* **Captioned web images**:
• • •
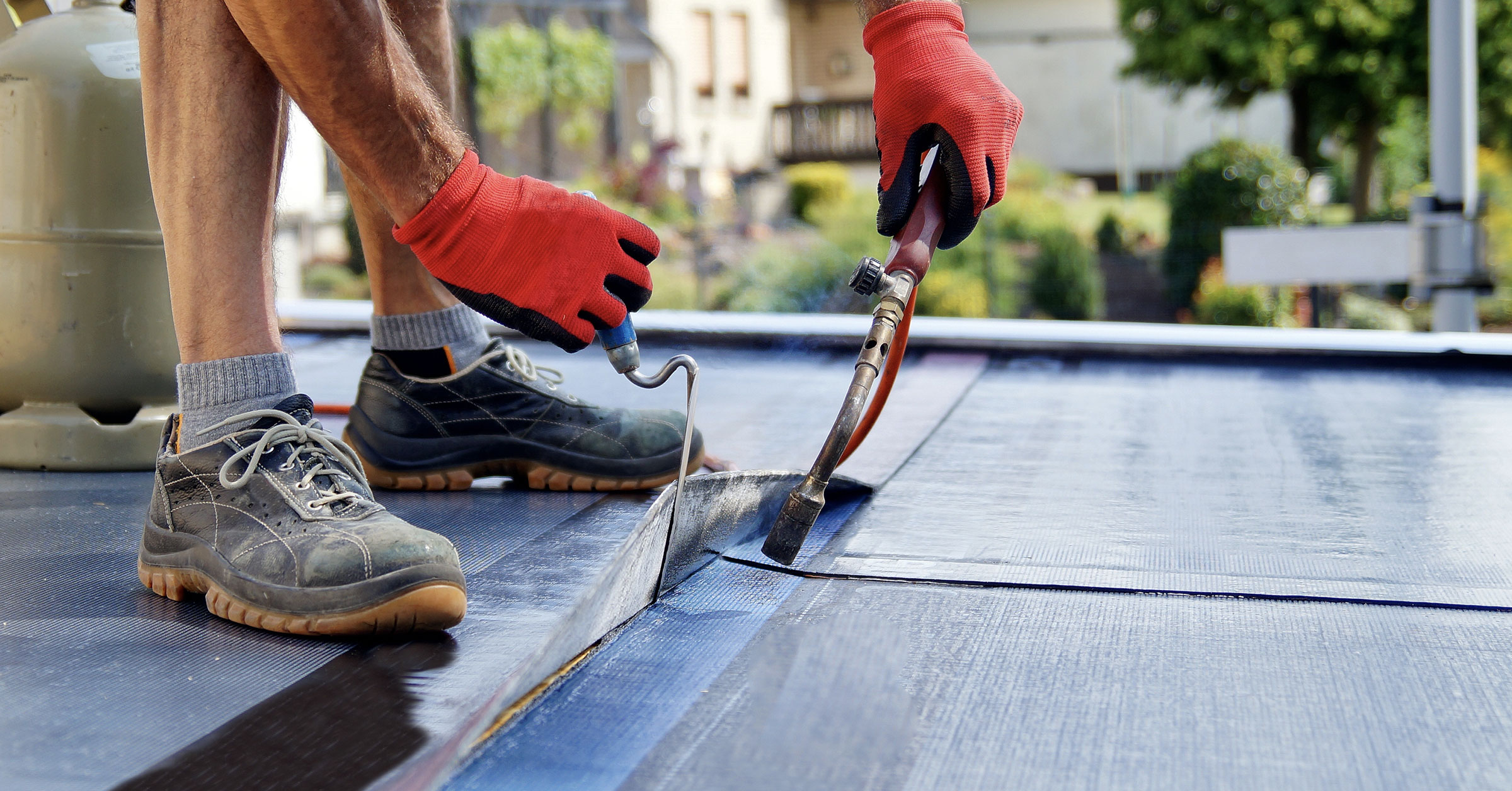 A close up shot of a professional waterproofer doing his work with the proper tools.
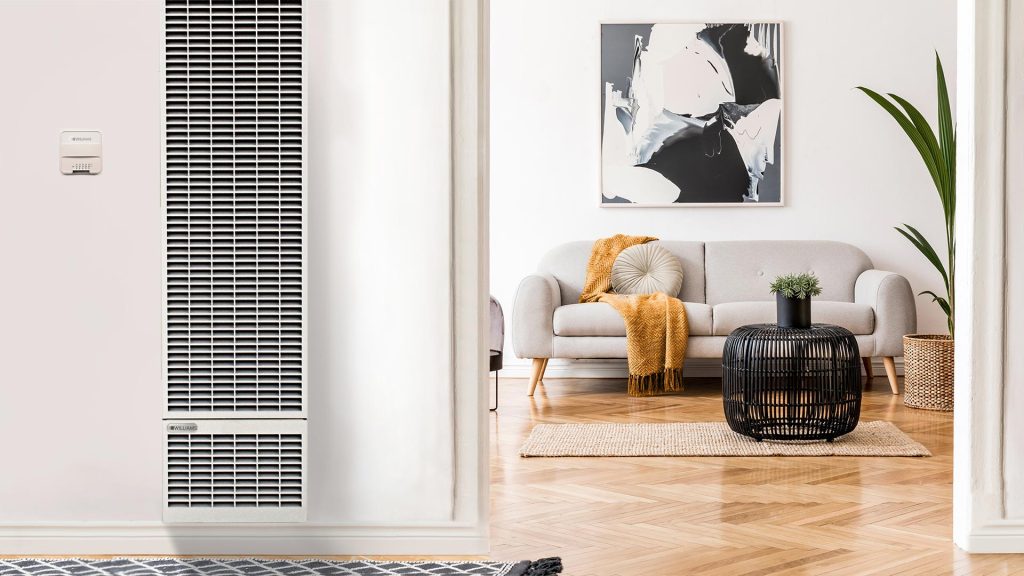 Modern wall heater located in a modern living room with a couch and decoration in the background.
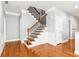 Welcoming foyer with hardwood floors, elegant staircase, and natural light at 3725 Downing Dr, Cumming, GA 30040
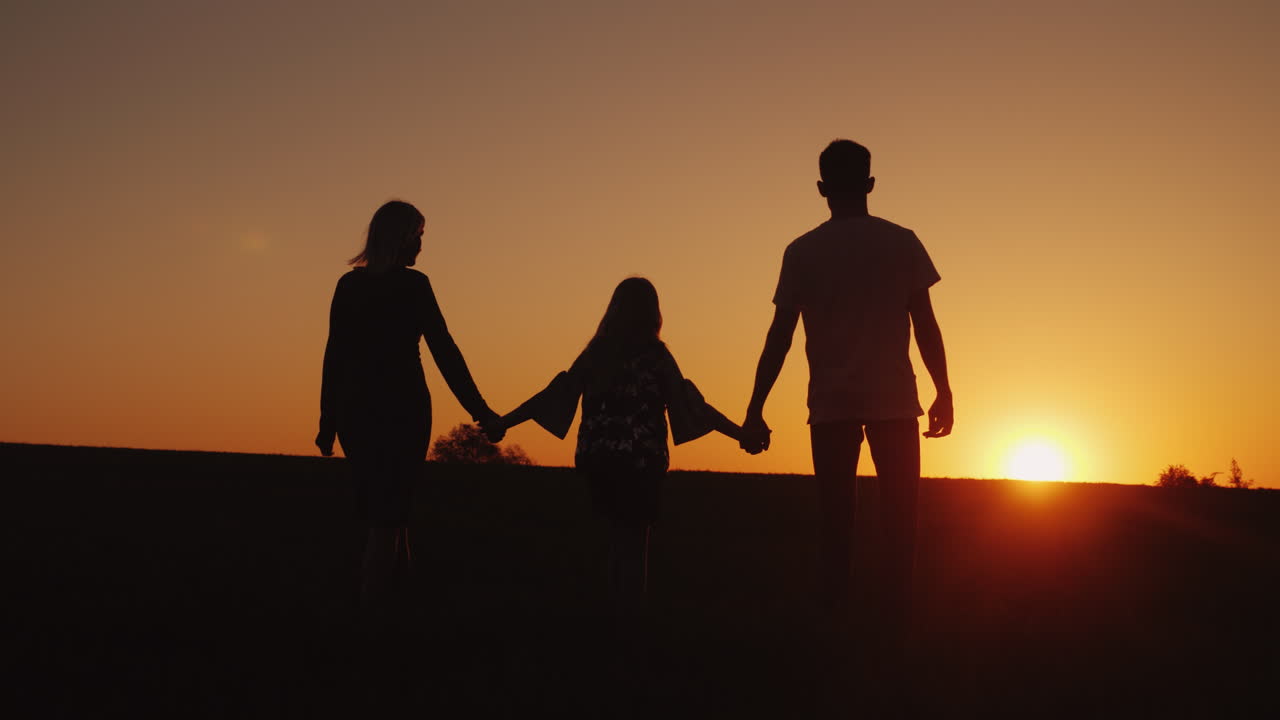 Genitori con il bambino avanzano verso il tramonto. Silhouette familiari.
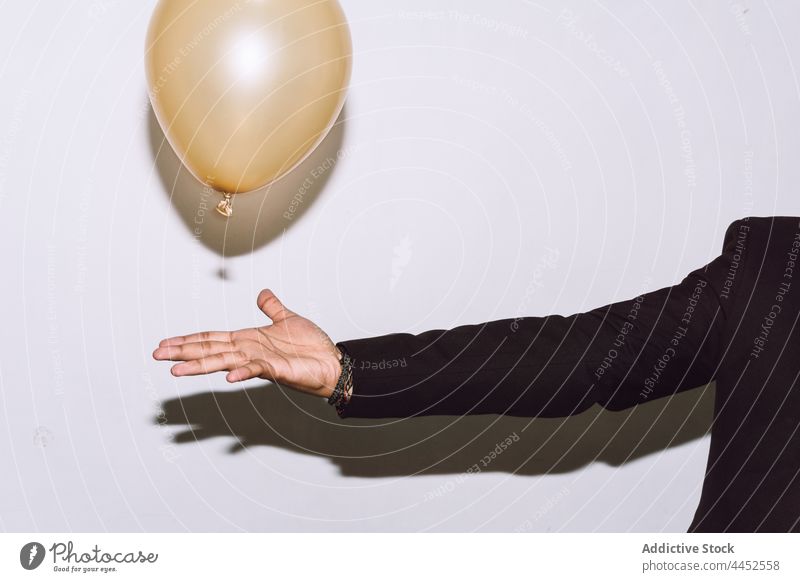 Man playing with balloon at party man event holiday celebrate occasion surprise male studio shot congratulate incognito decoration birthday fantasy anniversary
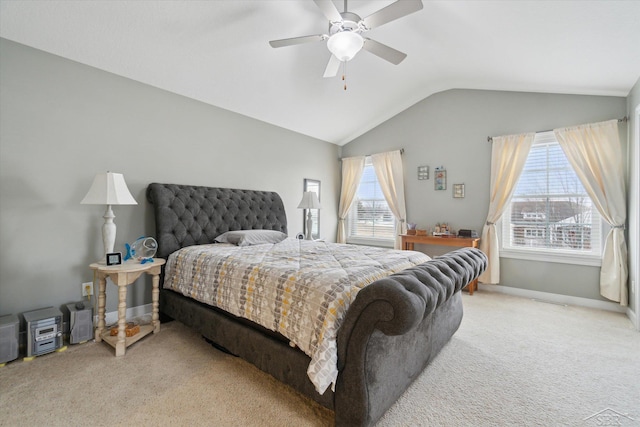 bedroom featuring baseboards, a ceiling fan, carpet, and vaulted ceiling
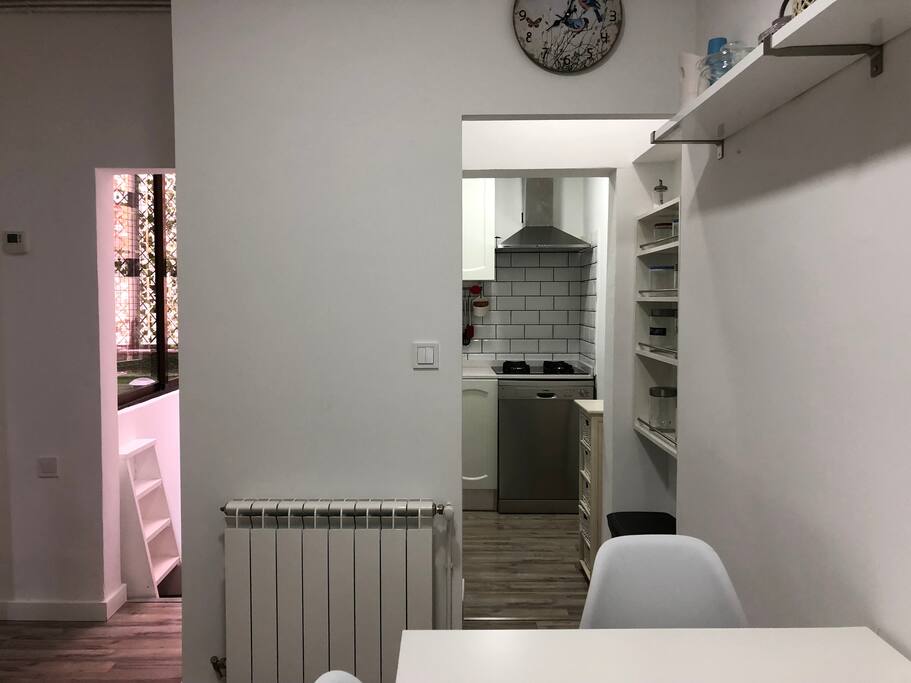 The living area, leading to the kitchen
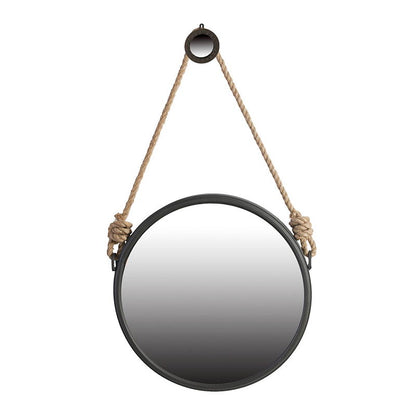 The Handsome Cleveland Mirror features a round metal frame in black and hangs from a thick knotted rope looped over a black hook, blending contemporary design with stylish wall decor.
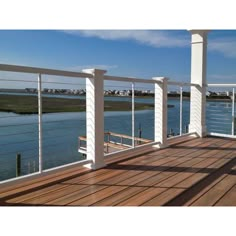 a wooden deck with white railings next to the water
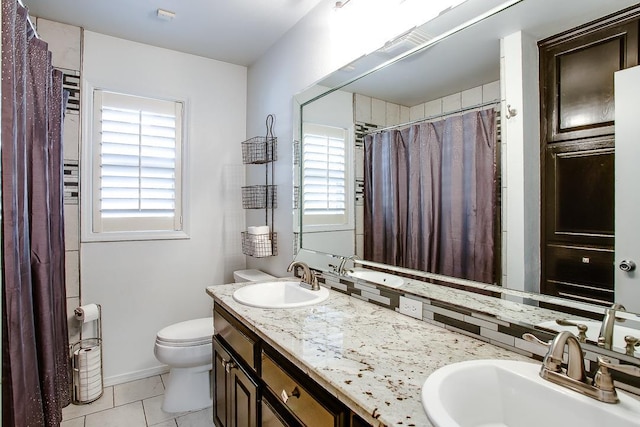 bathroom with vanity, tile patterned flooring, and toilet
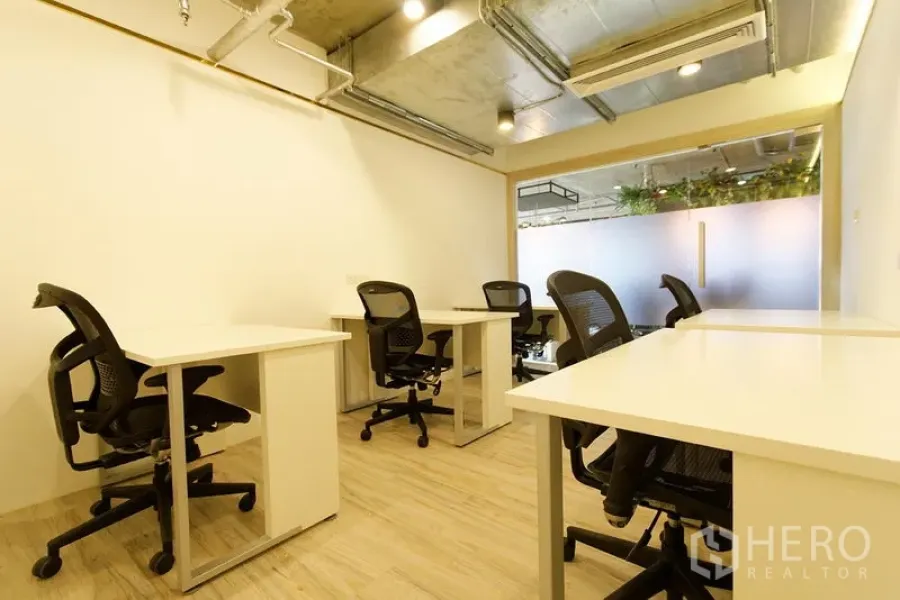 Office Space for rent in Watthana, Bangkok - Furnished private office with multiple white desks, mesh chairs, wood flooring, exposed ceiling and air-conditioning beside a frosted glass partition.
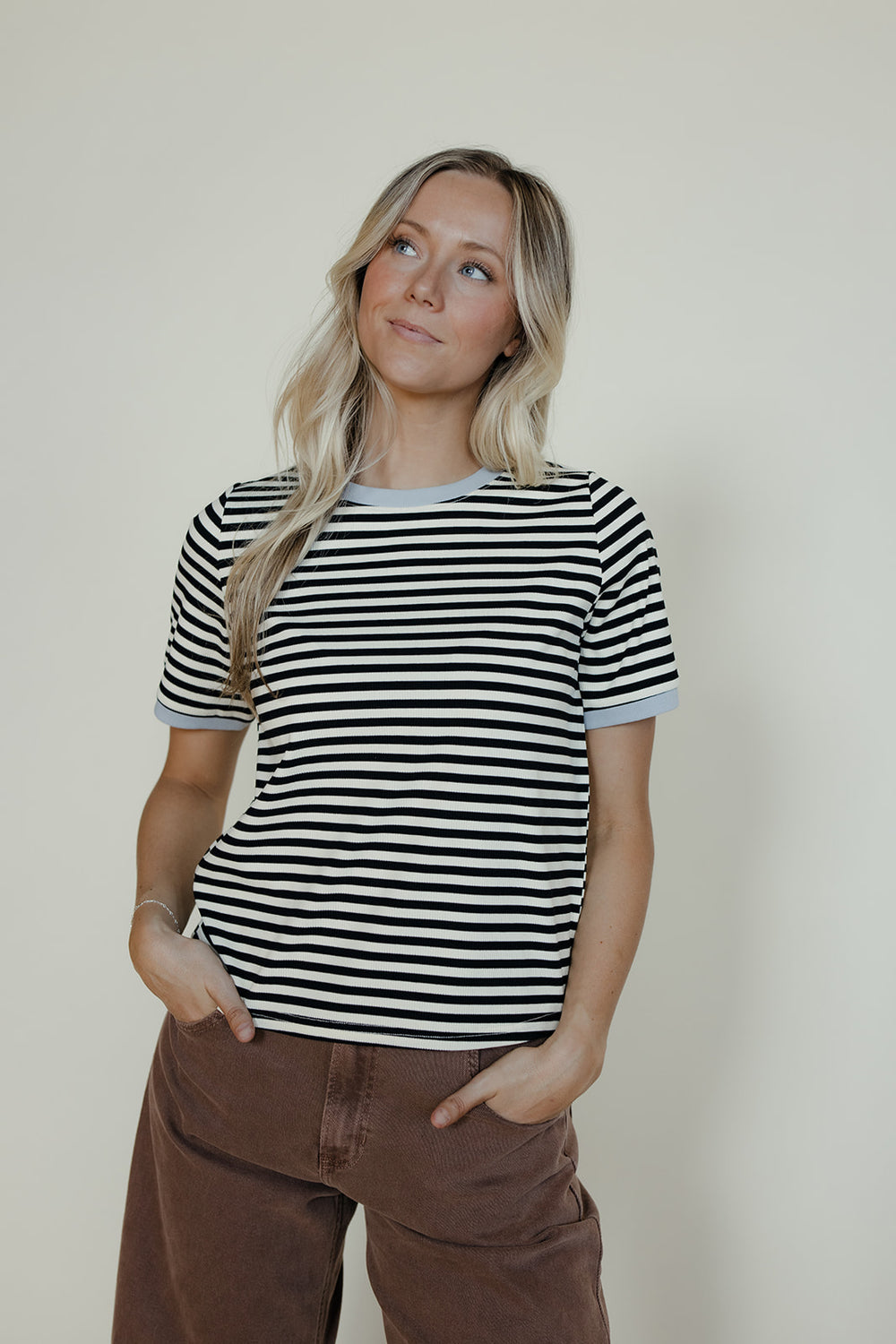 Woman wearing a black and white striped shirt against a plain background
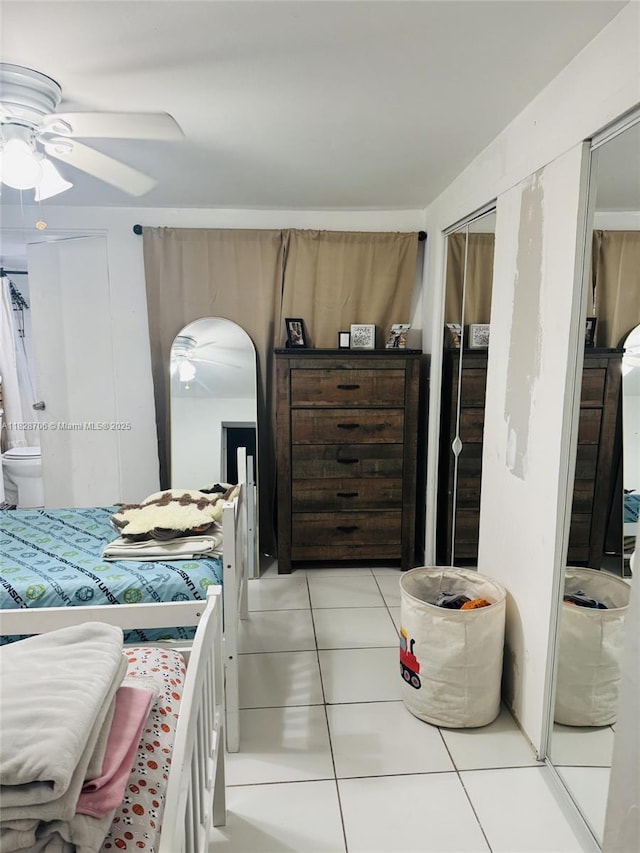 3915 NW 4th Ter, Miami, FL 33126 - bedroom with light tile patterned floors, a closet, a ceiling fan, and arched walkways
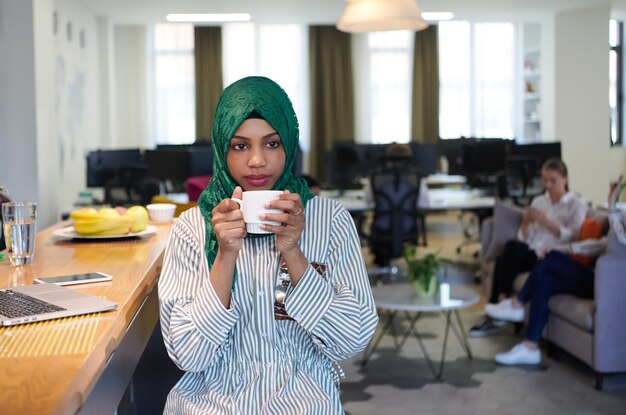 mulher de negócios muçulmana africana vestindo um hijab verde bebendo chá enquanto trabalhava no computador portátil na área de relaxamento no escritório de inicialização de plano aberto moderno. Diversidade, conceito multirracial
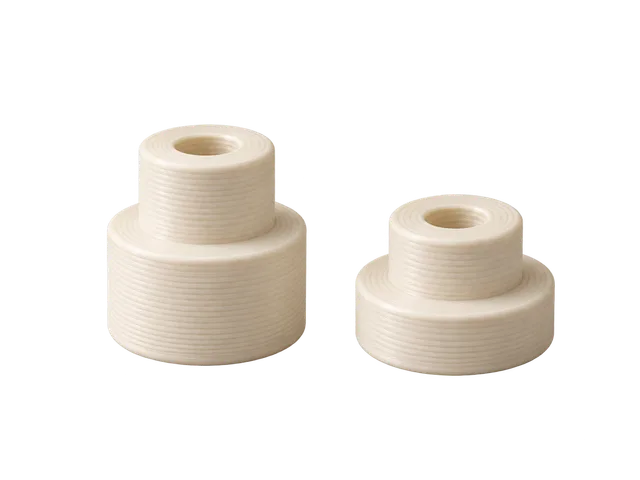 Illustration of two ivory cylindrical spacers with central holes and stepped shoulders
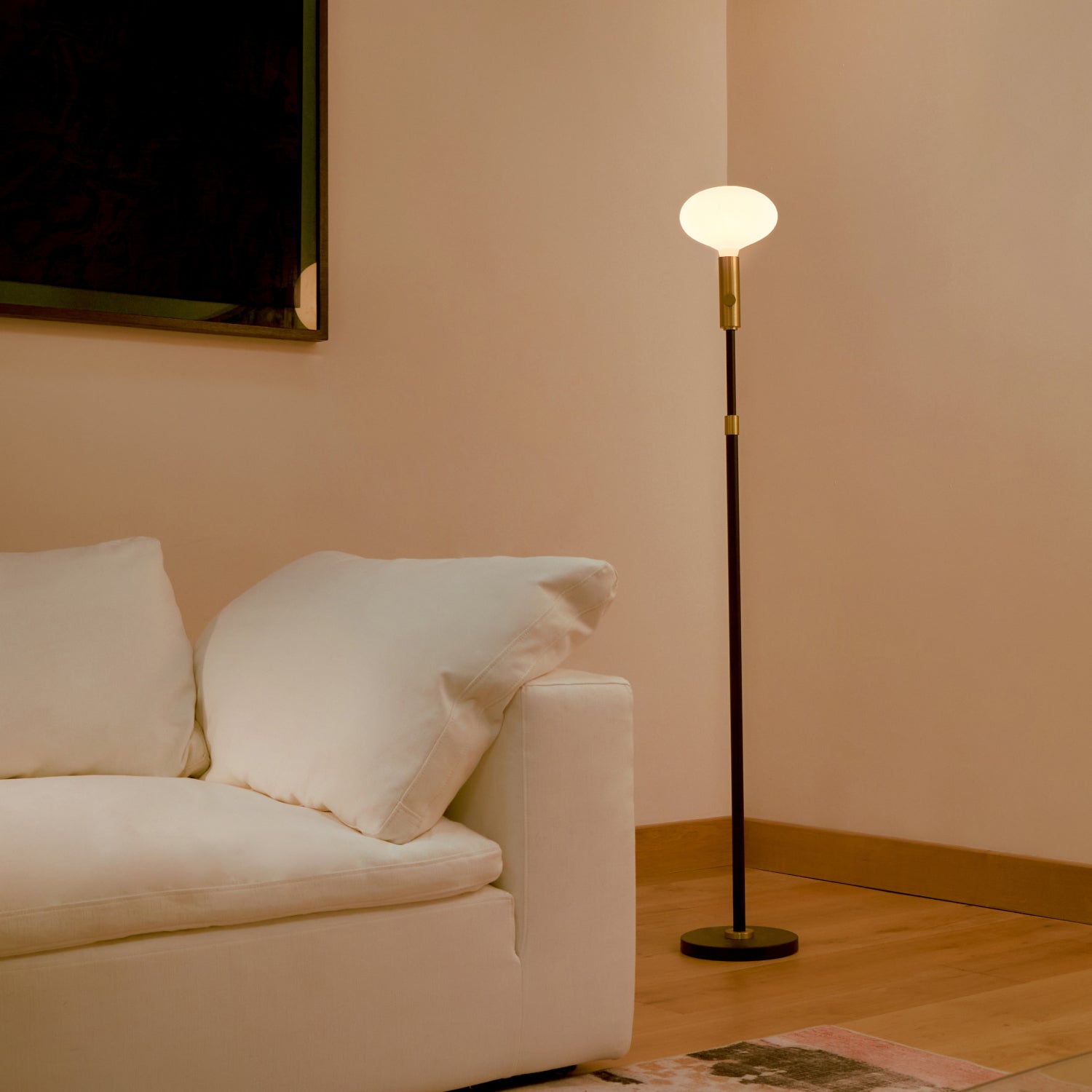 Tala Poise Adjustable Floor Lamp in Brass with Oval II bulb, lifestyle setting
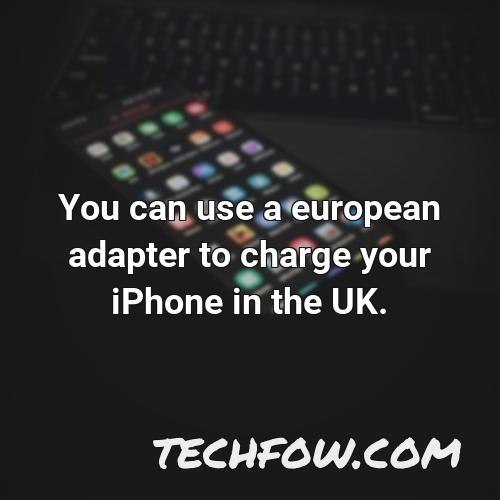 you can use a european adapter to charge your iphone in the uk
• • •
Omit every image. Quote each record exactly.

* **Output of the task**:
 A close up shot of a professional waterproofer doing his work with the proper tools.
 Modern wall heater located in a modern living room with a couch and decoration in the background.
 Welcoming foyer with hardwood floors, elegant staircase, and natural light at 3725 Downing Dr, Cumming, GA 30040
 Genitori con il bambino avanzano verso il tramonto. Silhouette familiari.
 Man playing with balloon at party man event holiday celebrate occasion surprise male studio shot congratulate incognito decoration birthday fantasy anniversary
 bedroom featuring baseboards, a ceiling fan, carpet, and vaulted ceiling
 The living area, leading to the kitchen
 The Handsome Cleveland Mirror features a round metal frame in black and hangs from a thick knotted rope looped over a black hook, blending contemporary design with stylish wall decor.
 a wooden deck with white railings next to the water
 bathroom with vanity, tile patterned flooring, and toilet
 Office Space for rent in Watthana, Bangkok - Furnished private office with multiple white desks, mesh chairs, wood flooring, exposed ceiling and air-conditioning beside a frosted glass partition.
 Woman wearing a black and white striped shirt against a plain background
 3915 NW 4th Ter, Miami, FL 33126 - bedroom with light tile patterned floors, a closet, a ceiling fan, and arched walkways
 mulher de negócios muçulmana africana vestindo um hijab verde bebendo chá enquanto trabalhava no computador portátil na área de relaxamento no escritório de inicialização de plano aberto moderno. Diversidade, conceito multirracial
 Illustration of two ivory cylindrical spacers with central holes and stepped shoulders
 Tala Poise Adjustable Floor Lamp in Brass with Oval II bulb, lifestyle setting
 you can use a european adapter to charge your iphone in the uk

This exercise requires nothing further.